Dr. Cindy Wang is considered a newcomer to Ontario; having finished her residency in anesthesiology, she was recruited to go back to Montreal where she was raised. However, the amazing team at Scarborough saw the potential of a future colleague/family and recruited her to come and see what a gem is hiding out at the East end of Toronto. Obliging her mentor Dr. Liz Hartley from Sickkids, Dr. Wang experienced the all-inclusive culture at Scarborough Health Network, and decided to stay here and call SHN her forever home.

An anesthesiologist at SHN for the last seven years, Dr. Wang thinks it’s a place brimming with excellence and potential – and that people don’t give us nearly as much credit as they should.
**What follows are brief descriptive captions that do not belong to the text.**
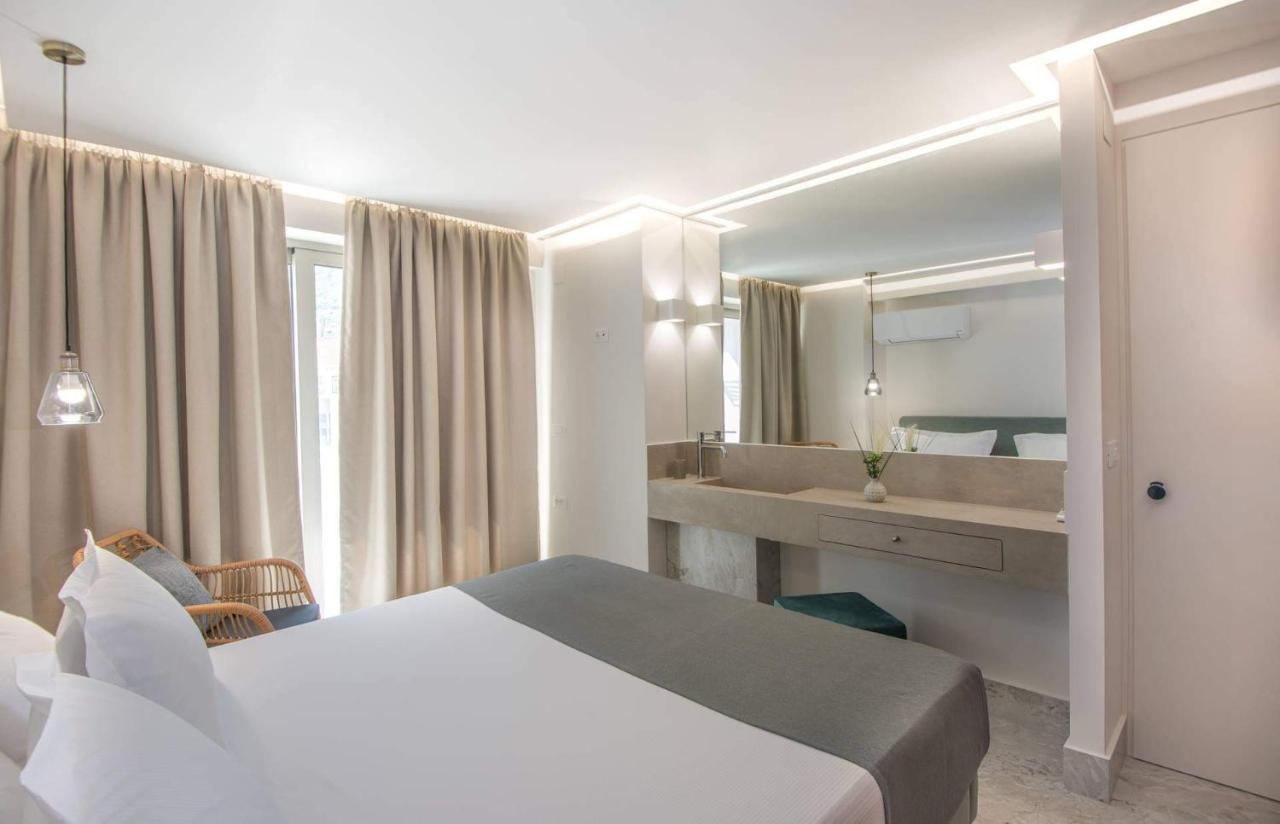 Nama Sea Side Suites Plaka  Luaran gambar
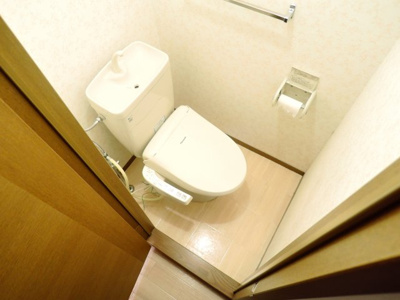 【トイレ】 | ハイカムール　A棟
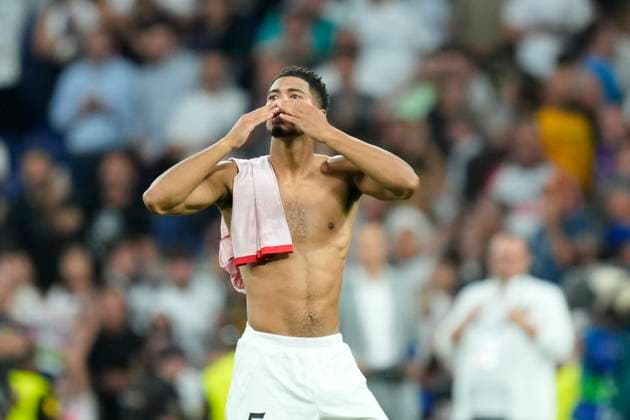Real Madrid C.F. v VfB Stuttgart - UEFA Champions League 2024 25 League Phase MD1 Jude Bellingham central midfield of Real Madrid and England celebrates victory after the UEFA Champions League 2024 25 League Phase MD1 match between Real Madrid C.F. and VfB Stuttgart at Estadio Santiago Bernabeu on September 17, 2024 in Madrid, Spain. Madrid Spain  Copyright: xJosexBretonx originalFilename:bretonhernandez-realmadr240917_npUoZ.jpg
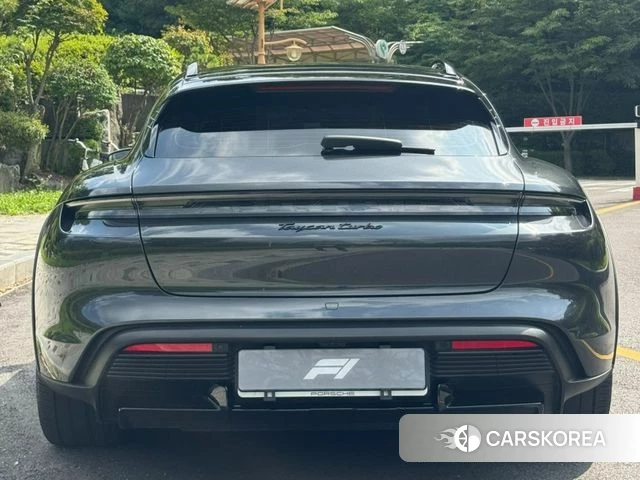 Porsche Taycan id 4645445 из Кореи 13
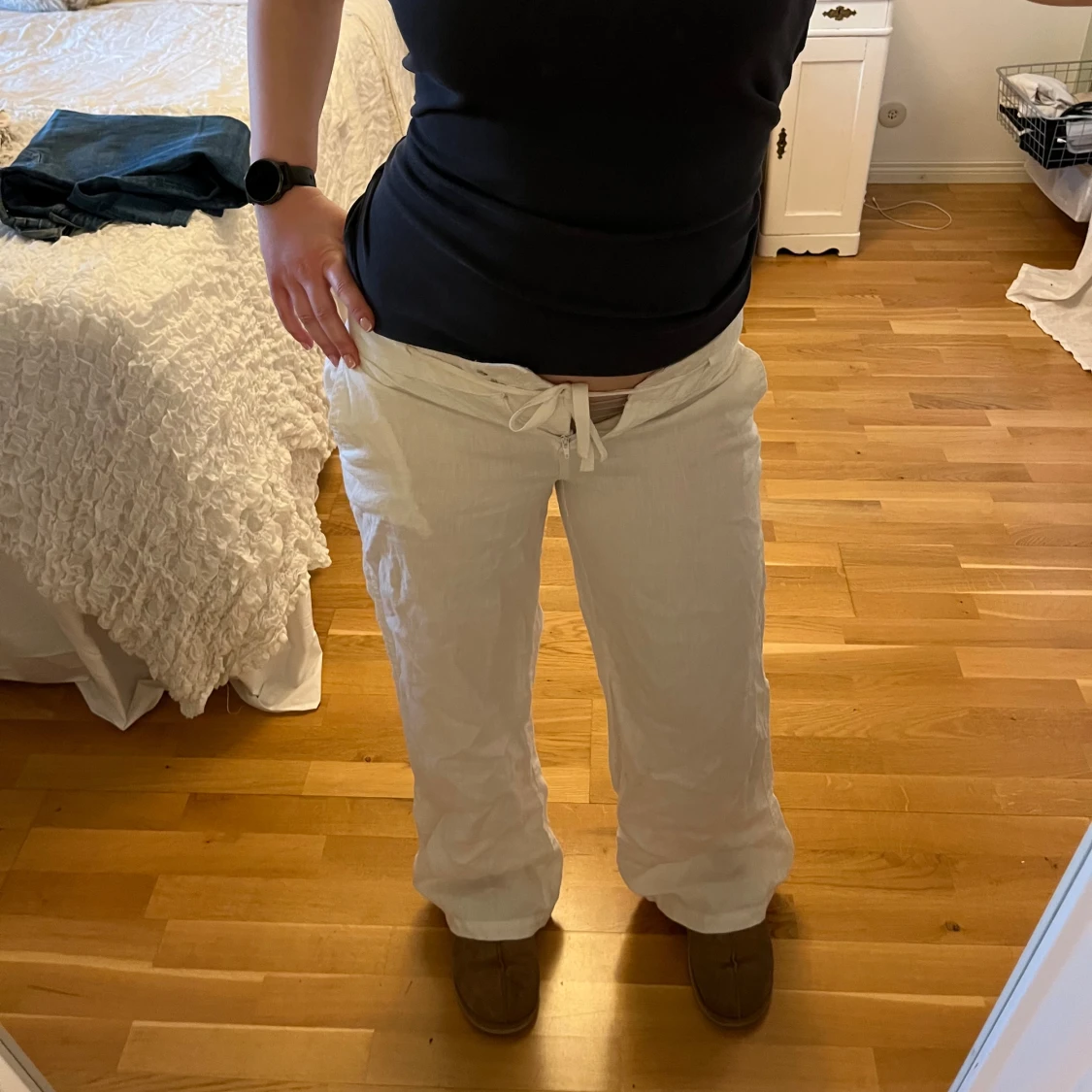 Vita linnebyxor med snörning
“We’re a diamond in the rough. When I came here and saw how everyone worked together, I fell in love with the hospital and the people,” says Dr. Wang. “We have exceptional healthcare teams who go above and beyond for their patients, and we have innovative and cutting-edge medicine that gets overlooked by the fact that we’re a community health network.”
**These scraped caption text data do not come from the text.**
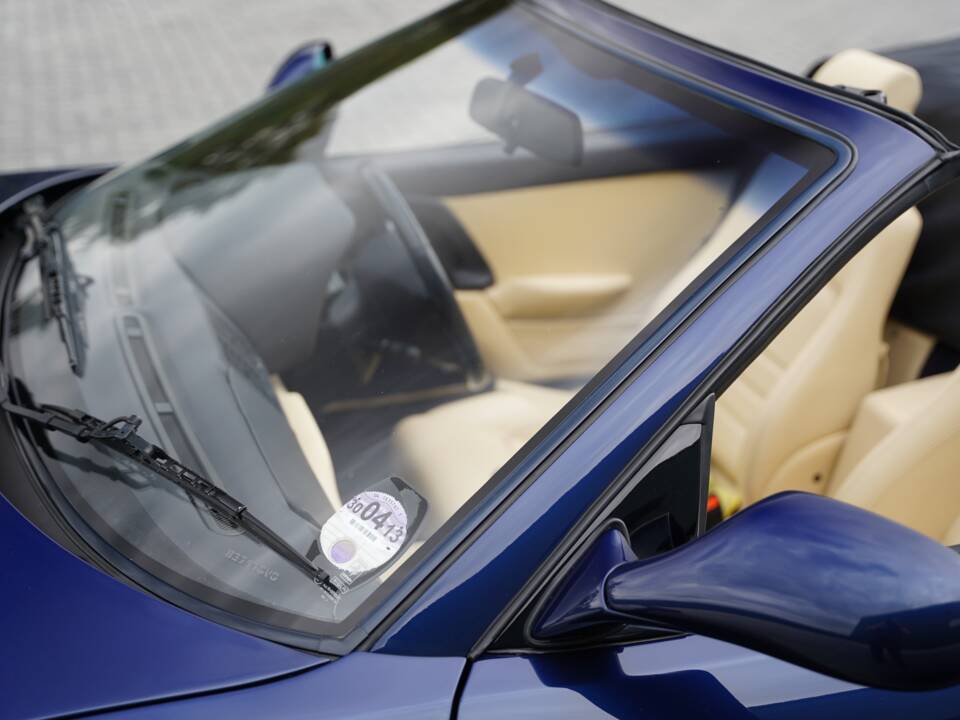 Image 40/50 de Ferrari F 355 Spider (1998)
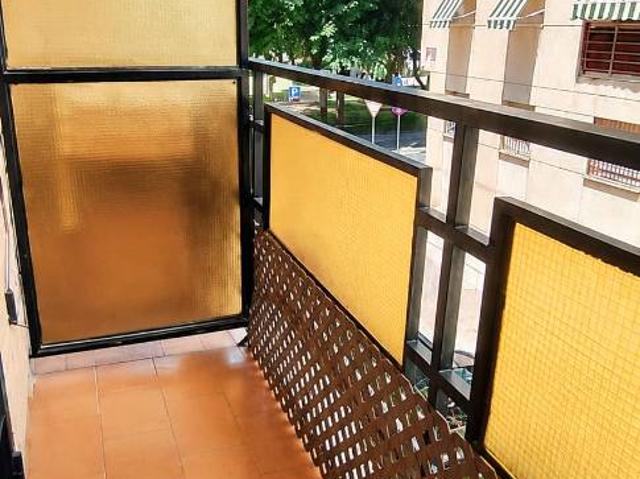 Piso en Venta en Huerta de la Reina Trassierra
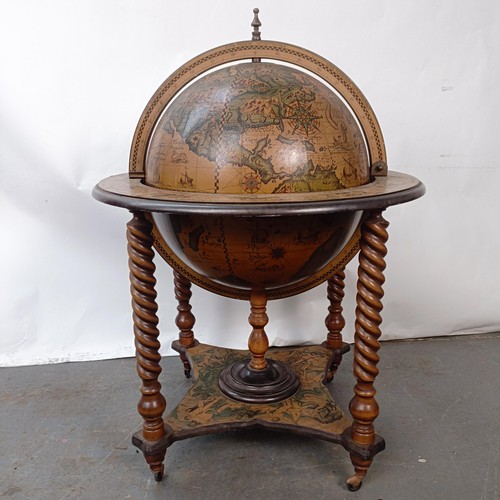 156 - A vinatge globe drinks cabinet, 85 cm diameter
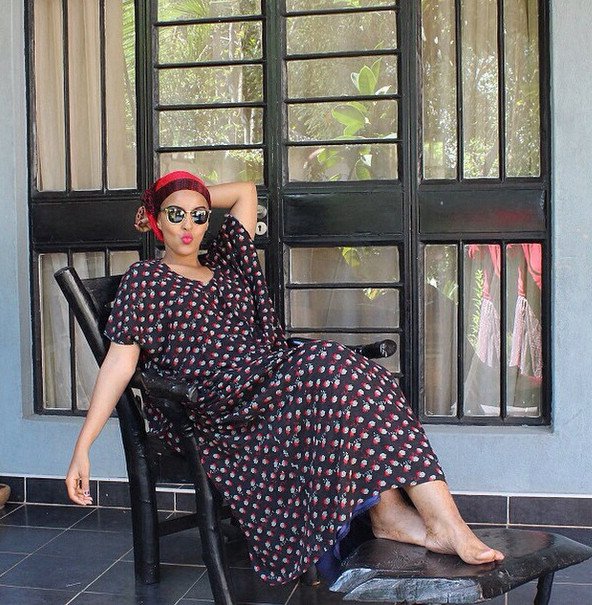 Μοδάτες μαντίλες, χαρά, έξοδοι -27χρονη δείχνει την άλλη πλευρά της ζωής στη Σομαλία [εικόνες]  | iefimerida.gr 21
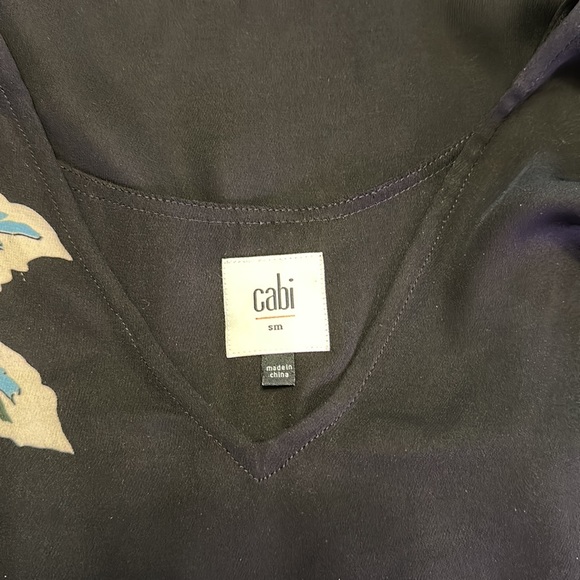 CAbi Fiore Black Floal Tunic Top Short Sleeve V-neck Pullover Semi Sheer - Picture 7 of 7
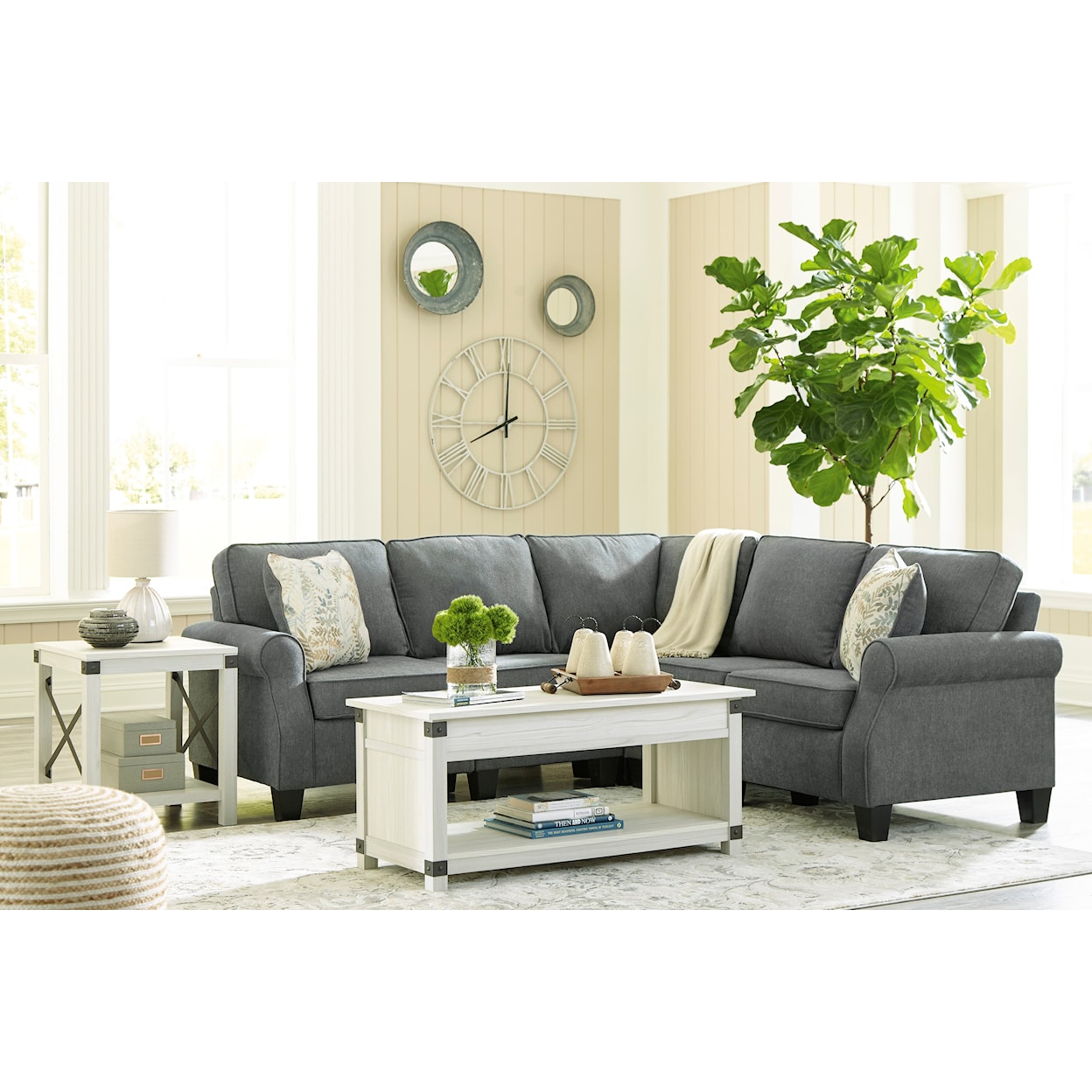Signature Design by Ashley Furniture Alessio 4-Piece Sectional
As a female physician, Dr. Wang has experienced firsthand what additional challenges women in healthcare face.

Dr. Cindy Wang getting ready for a surgery.
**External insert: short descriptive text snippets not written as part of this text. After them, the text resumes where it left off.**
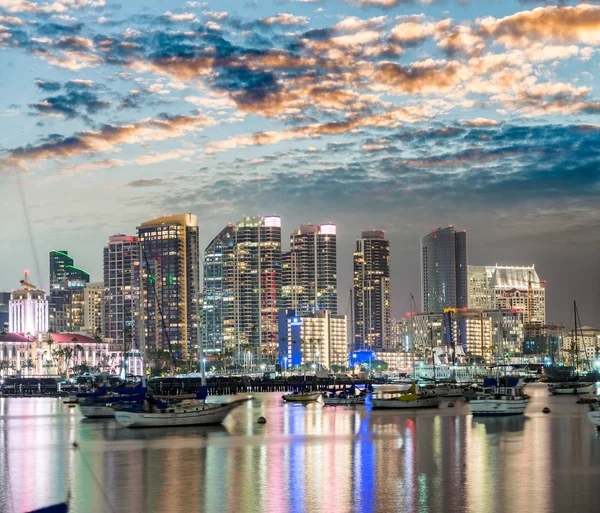 San Diego, California. Vista nocturna de los edificios del centro con agua — Foto de Stock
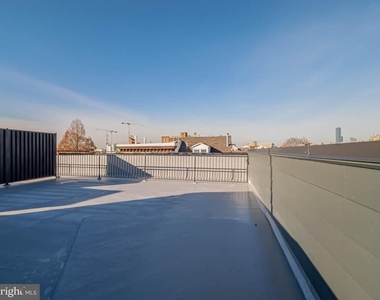 769 S 10th Street - Photo Thumbnail 11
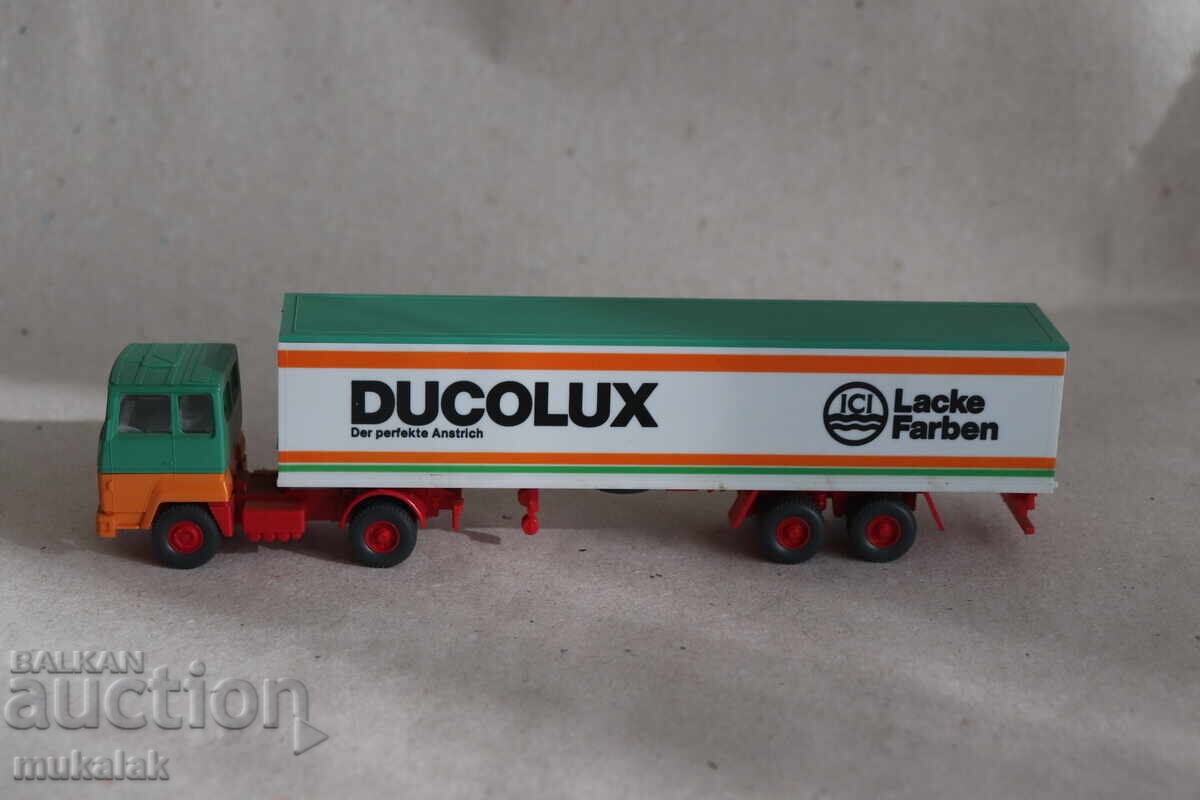 WIKING H0 1/87 FORD TRUCK MODEL CAR TRACTOR with price 10.00 BGN | € 5.11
“We’re fortunate to have a lot more female physicians and male nurses in healthcare now,” Dr. Wang says. “It does lead to some challenges for me, however, because if I go to speak with a patient with a male nurse, the patient will oftentimes speak with the male figure. It can be difficult to be taken seriously; However as I get older and the healthcare landscape changes, I have hope that in a previously male-dominated field, we will be taken as seriously as our counterparts.”

Dr. Wang reflects that although she has faced some challenges as a female physician, Scarborough is a place where cultural differences don’t divide us – they strengthen us. Because our community is so beautifully diverse, everyone who comes to SHN for care is treated equitably and with respect. “We never have to go through that growing pain!” Dr. Wang emphasizes.

However, there are still gaps in the way women’s health concerns are handled across the world. This includes conscious and subconscious gender biases, as well as women historically being caretakers for others and not putting their health first. At SHN, closing this gap is top of mind.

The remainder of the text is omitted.